WHAT IS NEEDED
An exact copy of the records is needed; please leave the images out.

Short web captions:
========================================

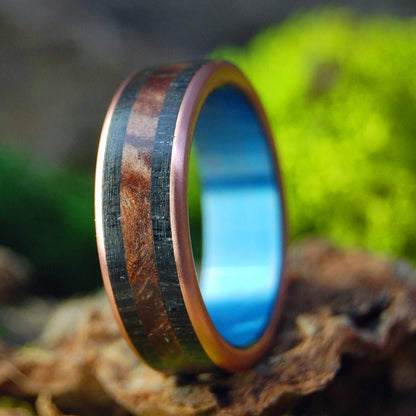 Scottish Bog Oak & Redwood | Men's Scottish Bog Oak, Redwood & Titanium Wedding Ring - Minter and Richter Designs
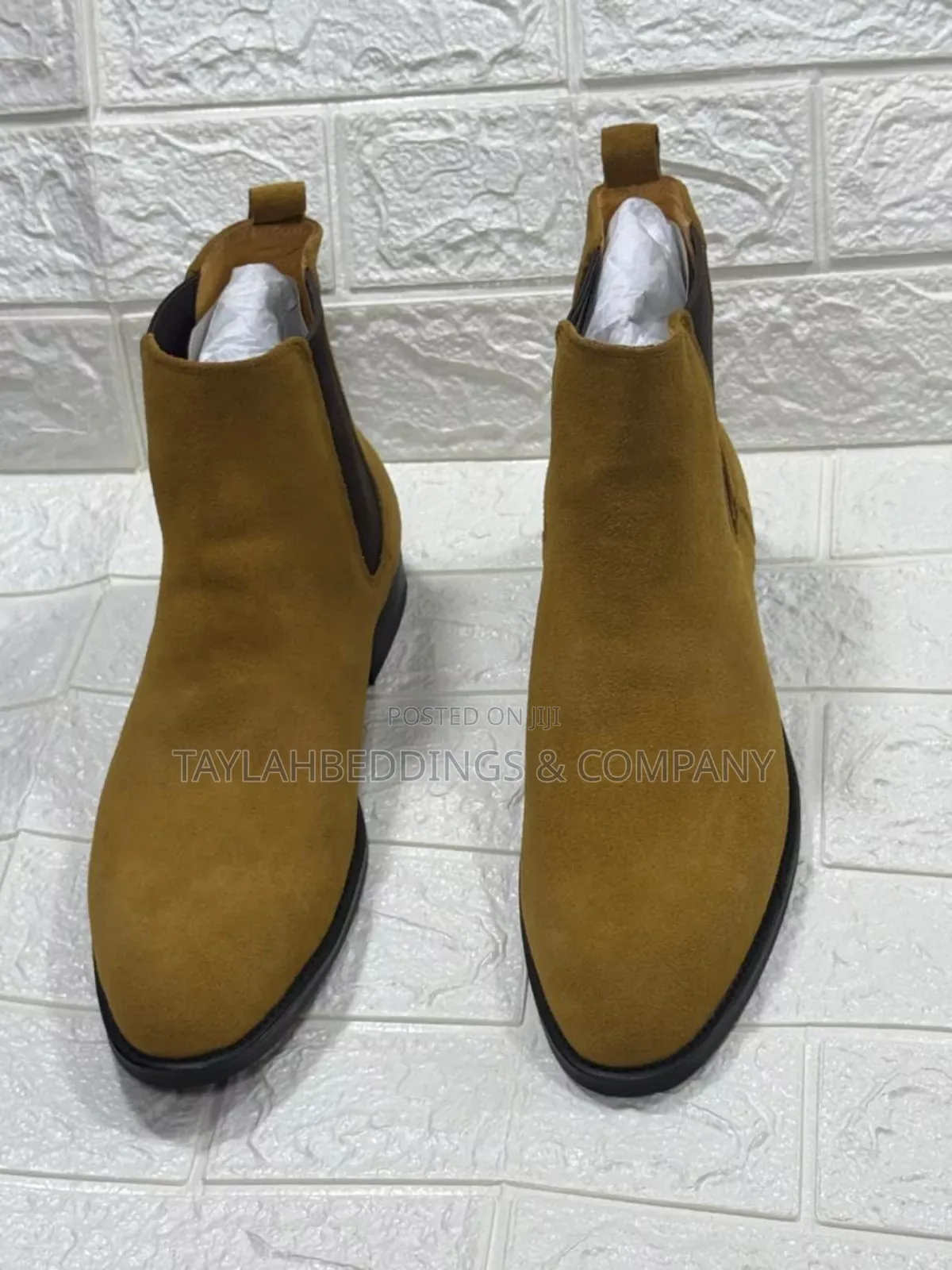 Chelsea Boots Solid Color Suede Vamp Elastic Band Slip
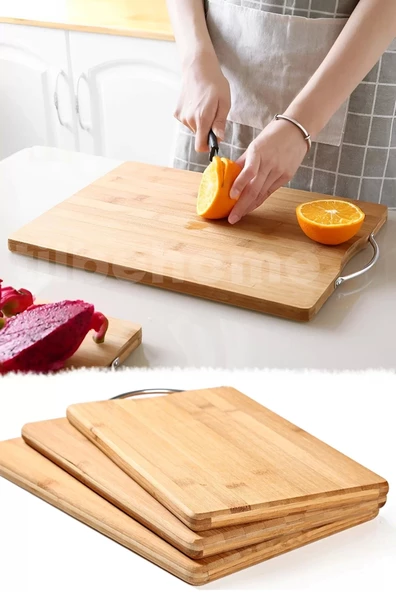 Bambu Kesme Panosu Et Sebze Kesme Doğrama Kesim Tahtası Lüx Çelik Saplı Peynir Servis Sunum Tepsi - 3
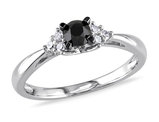 1/2 Carat (ctw) Black & White Diamond Ring in Sterling Silver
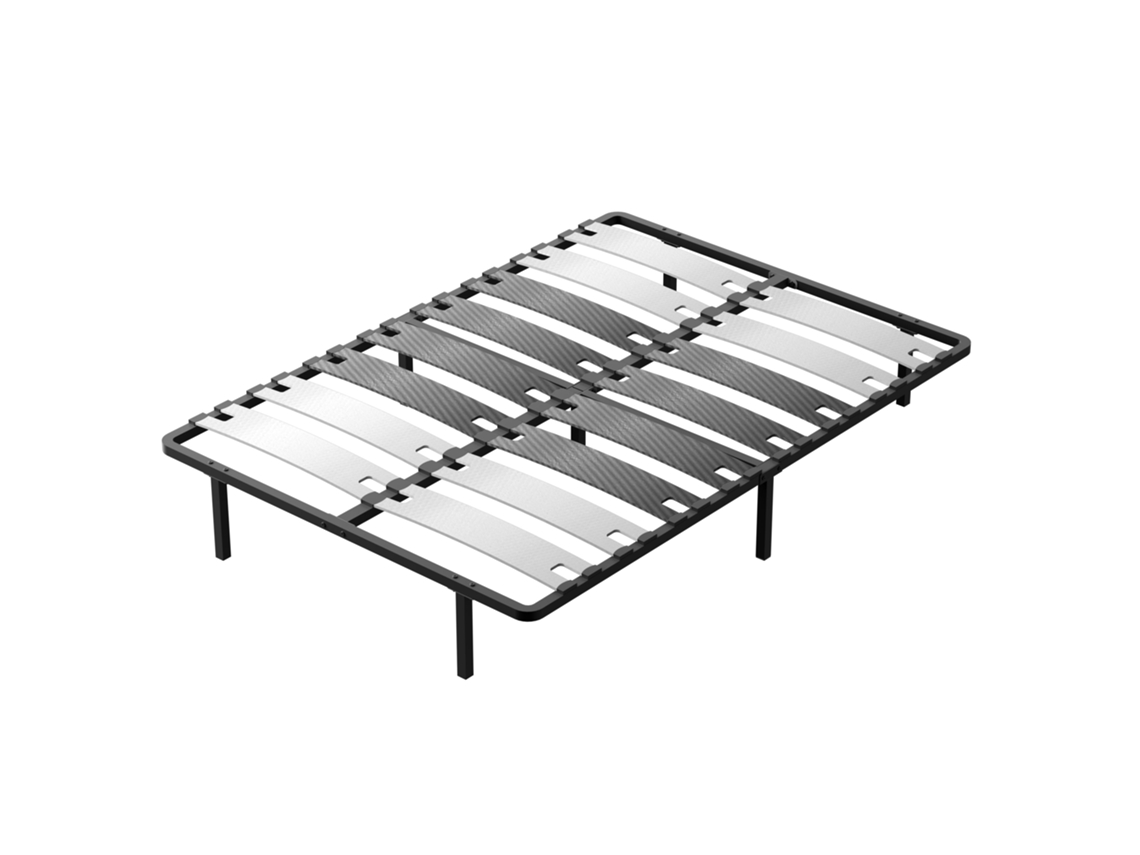 Sommier 140x200 Cm, 7 Pieds Durable, Lit Avec Sommier À Lattes Pour Adulte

========================================

RESPONSE BOX
 Scottish Bog Oak & Redwood | Men's Scottish Bog Oak, Redwood & Titanium Wedding Ring - Minter and Richter Designs
 Chelsea Boots Solid Color Suede Vamp Elastic Band Slip
 Bambu Kesme Panosu Et Sebze Kesme Doğrama Kesim Tahtası Lüx Çelik Saplı Peynir Servis Sunum Tepsi - 3
 1/2 Carat (ctw) Black & White Diamond Ring in Sterling Silver
 Sommier 140x200 Cm, 7 Pieds Durable, Lit Avec Sommier À Lattes Pour Adulte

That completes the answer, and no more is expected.